Qual è la città che ha risposto più attentamente all’appello?
Direi Napoli, per ora. Qui, come è emerso nel Convegno di Torino cui ha partecipato la consigliera comunale Simona Molisso, le istituzioni si sono rivelate pronte a cogliere l’occasione di fare largo alle donne ed è stato modificato il regolamento della Commissione toponomastica per accogliervi una rappresentante di Toponomastica femminile, Giuliana Cacciapuoti. Oggi nella capitale partenopea quasi tutte le nuove intitolazioni sono riservate a figure femminili, e si sta ottenendo un sostanziale riequilibrio dell’odonomastica cittadina. Un esempio da seguire.

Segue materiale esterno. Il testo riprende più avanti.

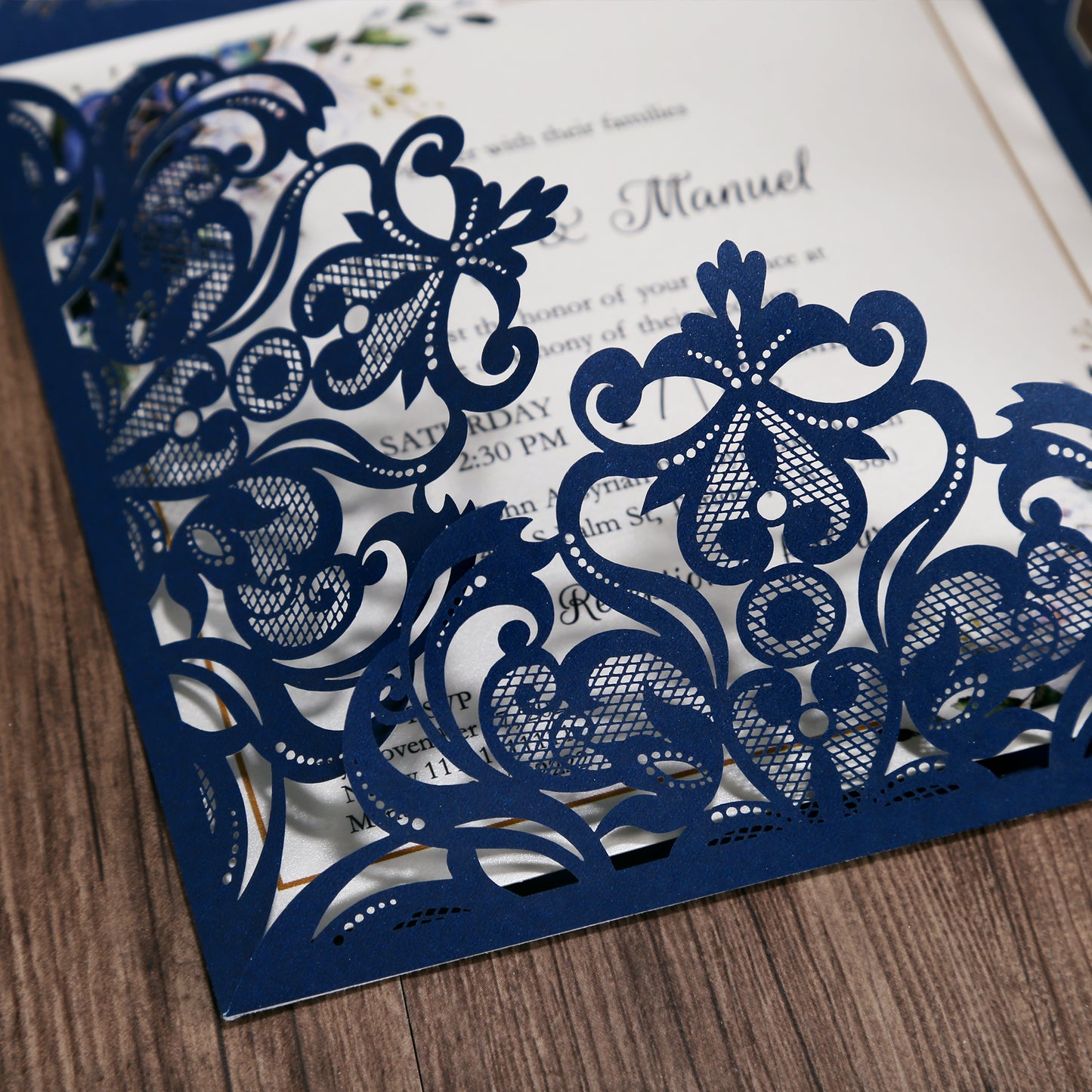 Square Blue Wedding Invitations for Wedding, Bridal Shower, Dinner, Party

Va certamente segnalata Ravenna, che aveva già iniziato il recupero della memoria femminile attraverso la toponomastica e negli ultimi anni ha intitolato a donne un centinaio di spazi pubblici, fra strade, rotonde e giardini.
Potremmo aggiungere anche Roma, non tanto per le intitolazioni femminili, per le quali c’è ancora molta resistenza, quanto piuttosto nell’azione didattica, di cui si è fatta portavoce Alessandra Cattoi, Assessora a Scuola, Infanzia, Giovani e Pari Opportunità.